Trotz dieser wirkungsvollen Details sowie der emotionell berührenden Geschichte, die sich im theoretisch-politischen Diskurs wohltuend zurücknimmt, ist „Junta“ kein rundum gelungener Film: zu uneinheitlich nehmen sich die dokumentarisch wirkenden Szenen im unterirdischen Gefängnis und die spielfilmartige Inszenierung des „normalen“ Lebens an der Oberfläche aus.

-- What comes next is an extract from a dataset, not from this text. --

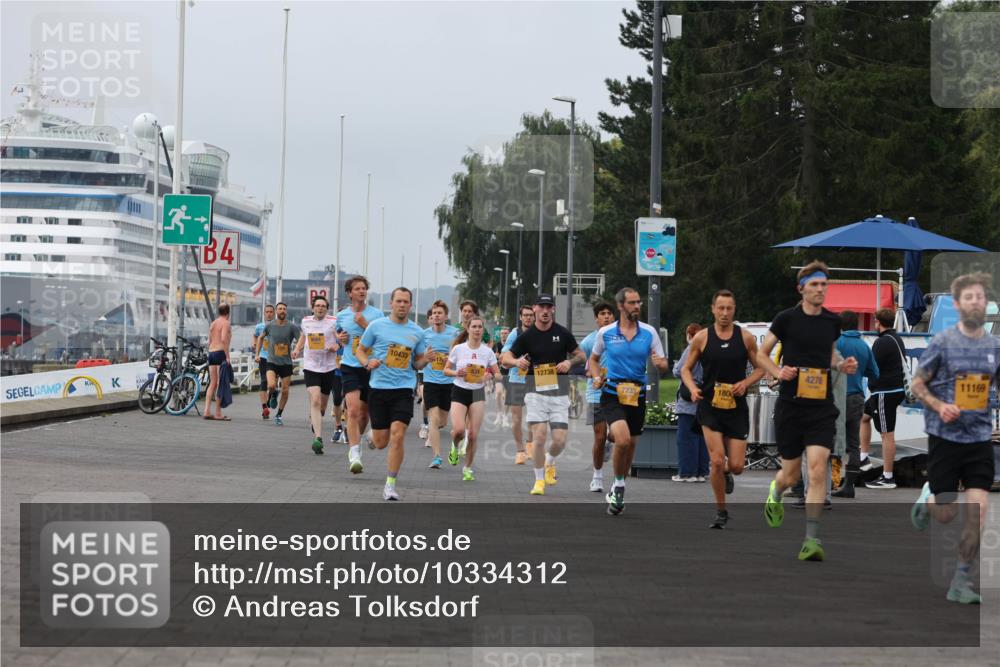 13.09.2026 - Kiel Lauf Andreas Tolksdorf http://msf.ph/oto/10334312 13.09.2026 09:52:16 Kiellinie 4, 10435, 17, 12738, 7233, 1800, 4278, 11169 meine-sportfotos.de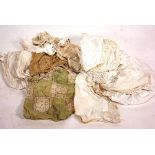 A quantity of vintage linen and lace, to include bed spread,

Der mitunter voyeuristische Blick auf die Hauptdarstellerin entwertet darüber hinaus die Folterszenen, in denen ihr Körper geschunden wird, die wegen ihrer kruden Bilder den Zuschauer ohnehin auf eine harte Probe stellen.

Dass die argentinische Militärdiktatur auf der Leinwand zurückhaltender und zugleich solider inszeniert werden kann, zeigte auf der Berlinale ein weiterer argentinischer Film: „Kamchatka“, der aus der Perspektive eines zehnjährigen Kindes die Auswirkungen des argentinischen Militärputsches auf eine gutbürgerliche Familie erzählte. „Kamchatka“ verzichtete auf jegliche Effekte –die Bedrohung blieb immer im Hintergrund. Leider hat sich bislang kein deutscher Verleih gefunden, der „Kamchatka“ ins reguläre Kinoprogramm bringt.